To improve on current methods, this article introduces LexiCAL (lexical calculator), a standalone executable program that serves as a calculator for a wide range of lexical variables. LexiCAL provides options for users to calculate surface, orthographic, phonological, and phonographic metrics, using inbuilt algorithms. These algorithms were also used to compute the metrics in the AELP [5]. The range of metrics that LexiCAL can compute have been shown to be theoretically important predictors of both visual and spoken word recognition [5,19,20]. Importantly, LexiCAL offers users the flexibility of performing calculations for any user-specified input, with reference to any user-specified corpus and phonetic system. Since the algorithms in LexiCAL are generic, LexiCAL allows users to compute metrics for any letter string (both words and nonwords) in any language with an alphabetic script. With a simple and intuitive user interface, LexiCAL provides maximum functionality and useability. Fig 1 shows the main window of LexiCAL.

Fig 1

Main window of the application.

Downloading and compatibility

The program (LexiCAL.exe), along with the Python scripts used to compile the executable, can be downloaded as supplementary material with this article. To ensure continued availability of the program, the latest version of LexiCAL is also available at https://osf.io/ydh6e/ and https://inetapps.nus.edu.sg/aelp/other-resources. Each download will come with the license for LexiCAL, and several open-source components are also listed with the license information.
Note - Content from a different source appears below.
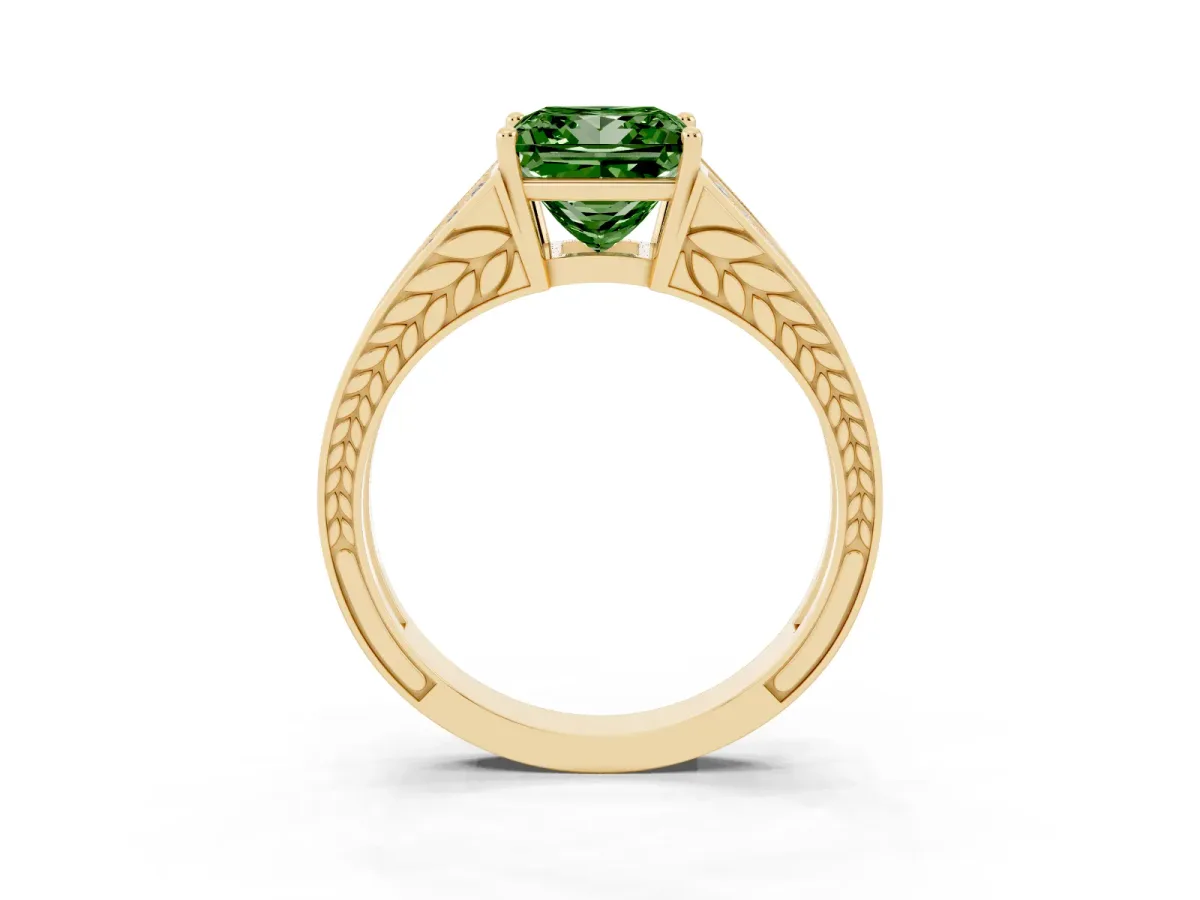Fancy Green Princess Cut Diamond Split Shank Ring with Pavé Band and Four-Prong Setting Yellow gold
LexiCAL is available only for the 64-bit version of the Windows operating system, and is not compatible with the 32-bit version of Windows, nor the macOS or Linux operating systems. The program is a standalone executable (LexiCAL.exe) that does not require any installation to launch.

Overview of operations

LexiCAL computes and returns the output for each target word in the user-specified input (the input file), based on the user-specified corpus (the corpus file) and phonetic system.

Input file

LexiCAL reads target words from a user-specified input file. Users should save target words in a single CSV UTF-8 (comma delimited) file on their machine, without any column headers, and direct LexiCAL to the input file by using the ‘Browse’ option. Orthographic forms (i.e., spelling) should be listed in the first column, and corresponding pronunciations, if applicable, should be listed in the second column. The preview window in LexiCAL will show a preview of the first 20 items in the input file once it has been selected. Fig 2 shows an example of the input file.

Fig 2

Example of a CSV UTF-8 (comma delimited) input file.

Orthographic forms are listed in the first column, and corresponding pronunciations (if applicable) are listed in the second column.

Corpus file

As with the input file, LexiCAL reads corpus data from a user-specified corpus file. Users should save corpus data in a single CSV UTF-8 (comma delimited) file on their machine, without any column headers, and direct LexiCAL to the corpus file by using the ‘Browse’ option. Orthographic forms should be listed in the first column, and corresponding pronunciations, if applicable, should be listed in the adjacent column. Word frequencies should be listed in the final column. The preview window in LexiCAL will show a preview of the first 20 items in the corpus file once it has been selected. Fig 3 shows an example of the corpus file.

Fig 3

Example of a CSV UTF-8 (comma delimited) corpus file.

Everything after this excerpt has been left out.